ECLI:NL:HR:2001:ZD2170
Hoge Raad
- Cassatie
- W.J.M. Davids
- G.J.M. Corstens
- A.J.A. van Dorst
- Rechtspraak.nl
Cassatieberoep tegen onttrekking aan het verkeer van inbeslaggenomen voorwerpen
In deze zaak gaat het om een cassatieberoep tegen een beschikking van de Arrondissementsrechtbank te Arnhem, waarin de vordering van de Officier van Justitie tot onttrekking aan het verkeer van inbeslaggenomen voorwerpen is toegewezen. De verdachte, geboren in 1944 in de Bondsrepubliek Duitsland, heeft beroep ingesteld tegen deze beslissing. De Hoge Raad heeft de zaak op 29 mei 2001 behandeld en geconcludeerd dat de bestreden beschikking vernietigd moet worden. De Advocaat-Generaal Machielse heeft geadviseerd om de zaak te verwijzen naar het Gerechtshof te Arnhem voor een nieuwe beslissing op de vordering van de Officier van Justitie.

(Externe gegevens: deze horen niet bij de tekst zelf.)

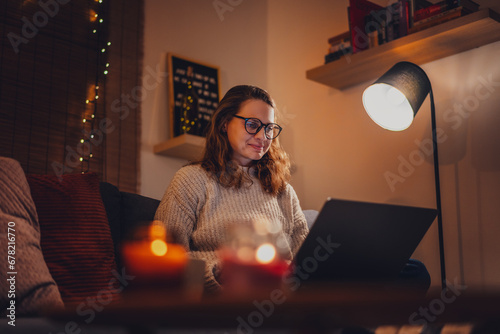 A young woman spends a cozy winter evening at home lying on the sofa with a laptop. Winter holidays, Christmas and online surfing photo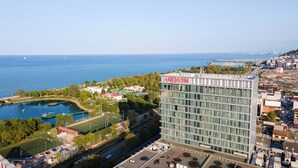 Et moderne hotel med stor glasfacade, beliggende nær et vandareal og et sportskompleks.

De Hoge Raad heeft ambtshalve de bestreden beschikking beoordeeld en vastgesteld dat de behandeling van de zaak in cassatie niet binnen een redelijke termijn heeft plaatsgevonden, zoals vereist door artikel 6, eerste lid, van het Europees Verdrag voor de Rechten van de Mens (EVRM). Dit tijdsverloop is niet gerechtvaardigd door bijzondere omstandigheden. De Hoge Raad heeft ook overwogen dat, indien de onttrekking aan het verkeer niet binnen de redelijke termijn heeft plaatsgevonden, de rechthebbende recht kan hebben op een billijke geldelijke tegemoetkoming, maar in dit geval zijn er geen gronden voor zo'n tegemoetkoming.

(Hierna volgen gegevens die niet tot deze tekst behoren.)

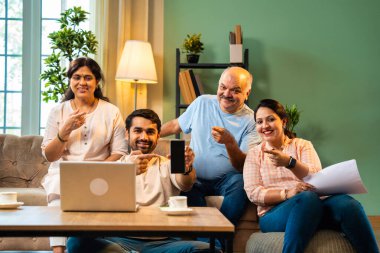 Boş bir telefon ekranı, dört çocuklu Hintli aile, evde rahat bir koltukta oturmuş gülümseyen ve kameraya uygulamayı veya servisi destekleyen yetişkin aile ve çocuklar.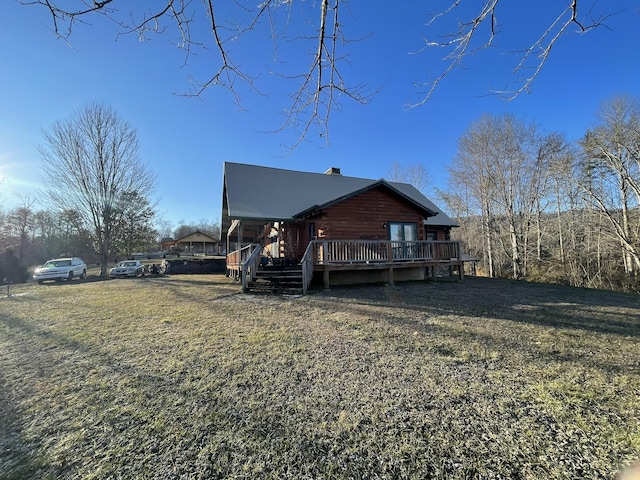 exterior space with log siding, a lawn, and a wooden deck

Uiteindelijk heeft de Hoge Raad geoordeeld dat er geen andere redenen zijn om de bestreden beschikking te vernietigen. Het cassatieberoep is verworpen, en de beschikking is gegeven door de vice-president en twee raadsheren in raadkamer, met de griffier aanwezig. De uitspraak is gedaan ter openbare terechtzitting op 29 mei 2001.